Increase in the average rates not significant, says Indian Hotels CEO Puneet Chhatwal

Increase in the average rates not significant, says Indian Hotels CEO Puneet Chhatwal

Update on the Indian Equity Market:

On Wednesday, NIFTY50 closed 0.5% higher at 12,225. NIFTY50 gainers includes M&M (+3.6%), Sun Pharma (+2.5%), and JSW Steel (+2.1%). NIFTY50 losers includes Tata motors (-2.9%), GAIL (-2.1%) and Grasim (-1.9%). Pharma (+1.2), and Media (+0.8%) were the top sectoral gainers. PSU Banks (-1.9) and Media (-0.4%) were the only losing sectors.

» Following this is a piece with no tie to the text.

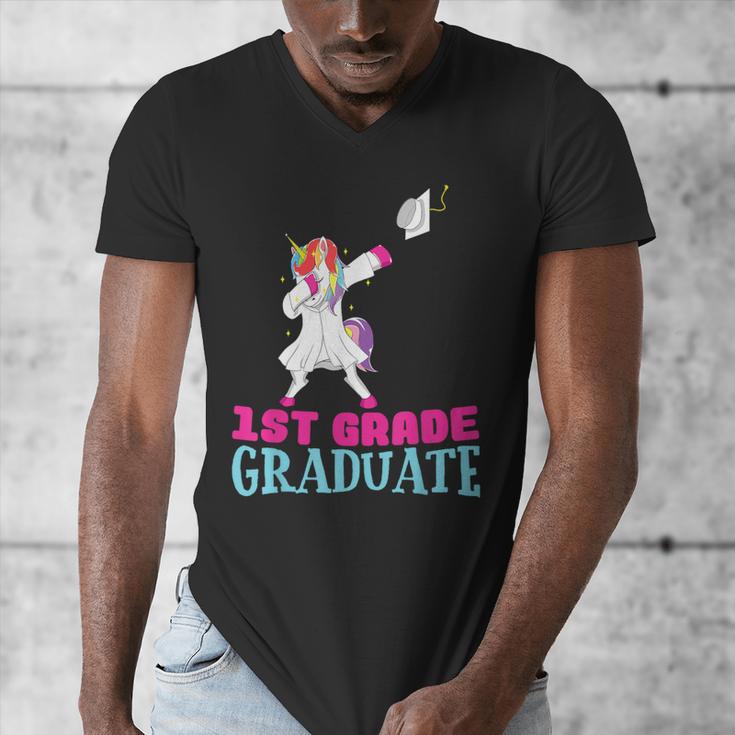 1st Grade Graduation Dabbing Unicorn Lover T-Shirt Kids Men's V-Neck T-Shirt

Excerpts from an interview with Mr Chhatwal, CEO, Indian Hotels. The interview was published in Livemint dated 18th December 2019

  • IH has a lot of last-minute pick-ups and till now the demand has been holding quite well. The volumes are okay. What has not done so well this year is the increase in the average rates.
  • IH has come from such a low base and there has been the GST reduction since 1st October, but the rate increases are not as evident as all of them would like to see.
  • Weddings are recession proof so weddings happen and they happen this time of the year, so they do fill-up the hotels.
  • Similar is the case in all those religious circuits that they are strong in. They just opened hotel in Tirupati, so if people have to go to Tirupati they will go to IH. According to him, the unrest in the North-East or in Delhi won’t have an impact on this kind of business.
  • Their backbone is really the Taj brand and on the luxury segment, whether it is chauffeur driven cars or it is hotels, disruption has not really played a significant role. They announced the opening of the 50th Ginger and they have repositioned the Ginger brand.
  • This year started with the terror attack in Sri Lanka. They have three properties there so they went down. Colombo has bounced back quite well, Bentota has not. It is hopefully coming because now it is the season time. The year before that there was the political unrest in Maldives.
  • London has been very strong, New York and  San Francisco has been strong. Cape Town has problems or challenges both politically as well as with water availability. If you have a larger portfolio, large footprint, it balances out.
  • Opening hotels is definitely on their agenda. They have guided that IH will open a hotel a month, they are ahead on that too. They will open 12 hotels this year and this number may even increase to more than a hotel a month across all IH brands.
  • Their own capex has been limited to either renovating their most iconic asset in Delhi, the Mansingh, or bringing to life in 3-4 months the Connaught and that is where IH is putting in capex. Otherwise, it is normal capex, which is 4-5% of total revenue.
  • When IH builds new destinations like they built Goa as a destination 40-50 years ago, it took 3-4 years but then now everybody breaks even in Goa very fast. Now they are doing the same with Andaman with Havelock.
  • They are actually at 19% EBITDA margins for this year, year-to-date and the second half is more important. One is that 60% of revenues come from there and the margins are much higher in the second half.
  • IH is definitely looking at a further improvement and improvement has been almost 600 basis points in the first half so that is very positive news. 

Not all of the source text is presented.